Public debate on unemployment as a viable choice has been characterized by two unacceptable extremes. At one extreme are the "hawks," who prefer to deal with a "visible enemy," which means unemployment. The hawks argue that (some) open unemployment is a useful disciplinary device that promotes hard work and acceptance of wage flexibility and spatial mobility. Hawks believe that unemployment benefits should be low and should serve only as a short-term buffer.
At the other extreme are the "doves," who prefer active labor market policy to dismissals. The doves see unemployment benefits as a last resort, but one which should be generously given with minimal restrictions.
The hawks ignore the disastrous consequences of unemployment not only for the individuals actually concerned but also for their families, their communities, the economy, and society as a whole. With regard to the broader costs of unemployment, it is worth quoting the classic Marienthal study which concluded that unemployment led to a "decline from a higher cultural level of political confrontation [to] a rise in more primitive hostilities motivated by personal malice" (Jahoda, Lazarsfeld, & Zeisel, 1972 [1933], p. 43). Recent studies on the psychological, health, financial, economic, and political consequences of unemployment basically confirm the results of this classic study (Elkeles & Seifert, 1993; Starrin et al., 1989).

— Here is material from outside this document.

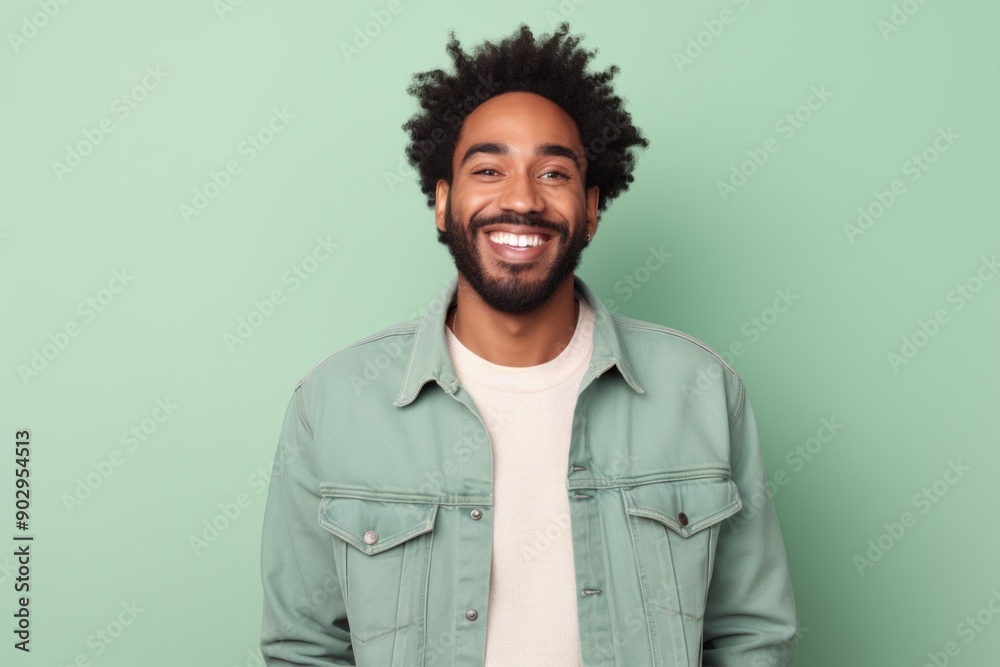 Portrait of a happy afro-american man in his 30s sporting a rugged denim jacket on pastel green background Portrait of a happy afro-american man in his 30s sporting a rugged denim jacket on pastel green background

Conversely, the position of the doves is made untenable by the recent economic and political breakdown of Eastern Europe. The centrally planned economies demonstrated the unacceptable costs of preventing unemployment at all costs. Unemployment was forbidden and wages were not linked to productivity. Labor thus became a minor part of the production costs in the political economy of communism, a "soft budget constraint" instead of a "productivity whip." The result was hidden unemployment of between 25% and 50% (Gora, 1991; Kornai, 1992; Schmelev & Popov, 1989).
It is clear that catastrophy will be the result of either extreme - unemployment prevention at any cost or laissez faire. What is needed is a solution that achieves an acceptable balance.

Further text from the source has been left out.